A block of (continuous) virtual memory. A typical block size (# of addresses in a page)on Linux is \(2 ^{12}\) addresses. For a \(X\)-bit machine, assuming a block size of \(2 ^{P}\), there are \(2 ^{X - P}\) pages.
Frame
A block of (continous) physical memory. A frame has the same number of addresses as a virtual page.
Page Table

The highest \((X-P)\) bits are the page number and the lowest \(P\) bits are the offset within the frame.

address_split.png
Figure 1: From http://cs341.cs.illinois.edu/coursebook/Ipc

A page table is a map from a page number (physical) to a frame number (virtual). The table is in the order of page number.

frame_table.png
Figure 2: From http://cs341.cs.illinois.edu/coursebook/Ipc

In practice, the table only contains the second column. The page table itself consumes \(2 ^{X - P} \cdot (X - P) / 8\) bytes (usually rounded up \((X - P) / 8\) to some power of 2).

Memory lookup: First lookup the correspdoning frame number to the page number in the page table. And then append the offset to the frame number to get the physical address.

page_table_lookup.png
Figure 3: From http://cs341.cs.illinois.edu/coursebook/Ipc
Multi-level page tales

The lowest \(P\) bits are the offset. Suppose there are \(L\) levels. The higher bits \((X-P)\) are evenly divided into \(L\) segments, in which the \(i\)-th segment is the index used to lookup in the \(i\)-th subtable.

three_address_split.png
Figure 4: From http://cs341.cs.illinois.edu/coursebook/Ipc

Memory lookup: The \(i\)-th table is a map from a level-\(i\) index to a \((i-1)\)-th subtable number. The lowest table is a map from a level-1 index to the offset in physical frame. Sometimes the higher-level (parent) subtables are called directories, while the lower-level subtables are called table. E.g., an entry in the directory maps to a table.

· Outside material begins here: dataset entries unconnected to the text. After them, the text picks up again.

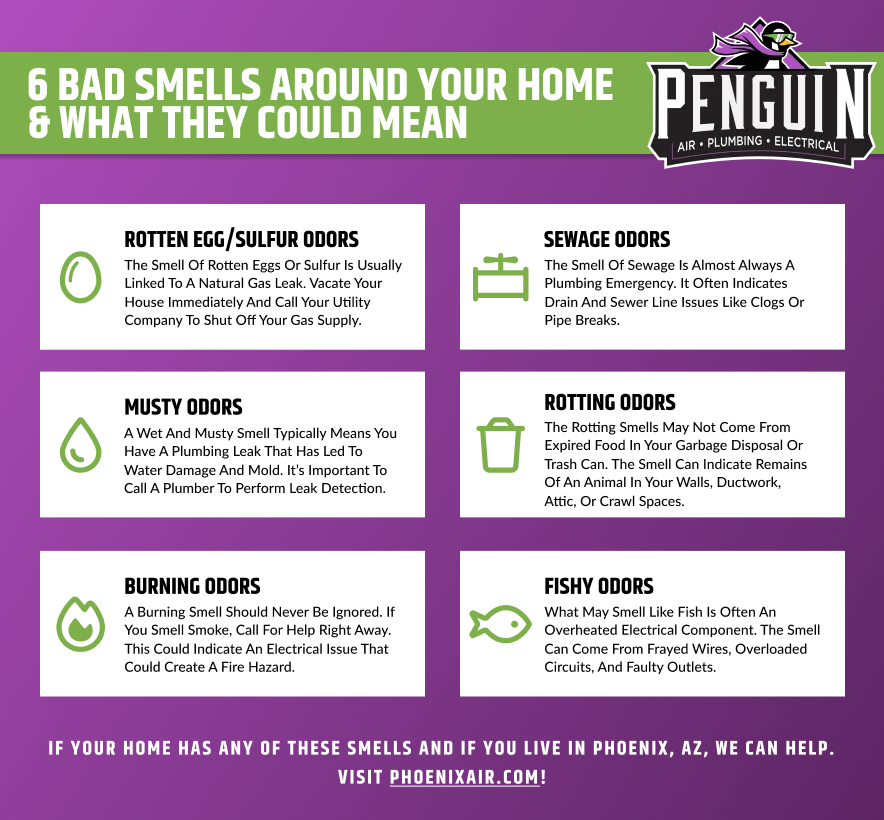 6 Smells at Home and What They Mean Infographic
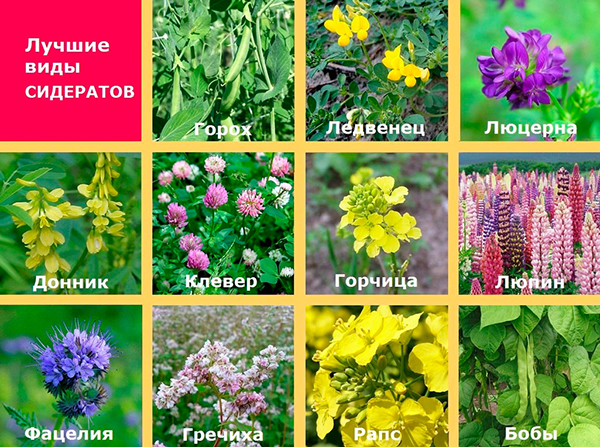 The best green manures for successful substitution The best green manures for successful substitution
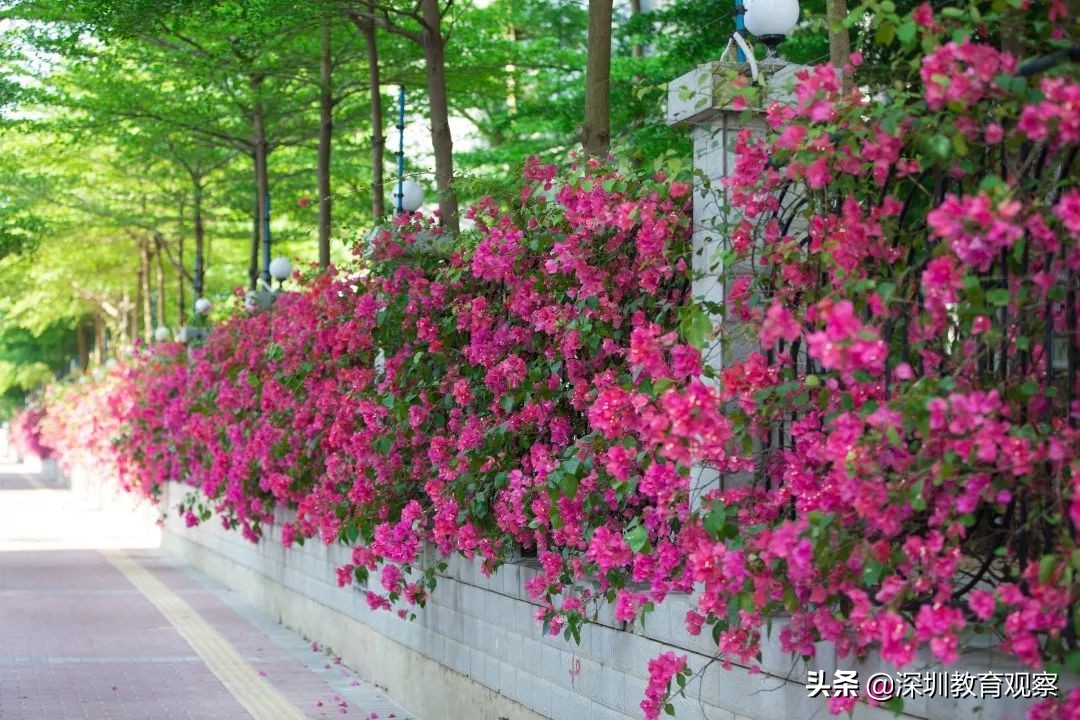 走名校vol.14|西乡中学:50年,我们专注做一件事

multi_level_page_table_lookup.png
Figure 5: From http://cs341.cs.illinois.edu/coursebook/Ipc

Table size: There is one top-level table and \(2 ^{(X-P) /L}\) \(i\)-th level subtables for \(i = L-1, \dots , 1\). Each table has \(2 ^{(X-P) / L}\) entries, each consuming \((X - P) / L / 8\) byptes (usually rounded up to power of 2). Thus, in total it consumes \([1 + (L-1) \cdot 2 ^{(X-P)/L}] \cdot 2 ^{(X-P)/L} \cdot (X-P) /L /8\) bytes.

8.2. Translation Lookaside Buffer

The more levels of tables, the slower the memory lookup.

Translation Looksaide Buffer (TLB)
A cache of recently-used virtual-page-to-frame lookups. Every time a virtual address needs to be translated into a physical address, TLB is queried in parallel to the page table.

Address per page.

Number of page: / address per page

MMU:

pages / frams does not corres only to ram

8.3. Frames and Page Protections

Page in: Read disk memory into physical frames.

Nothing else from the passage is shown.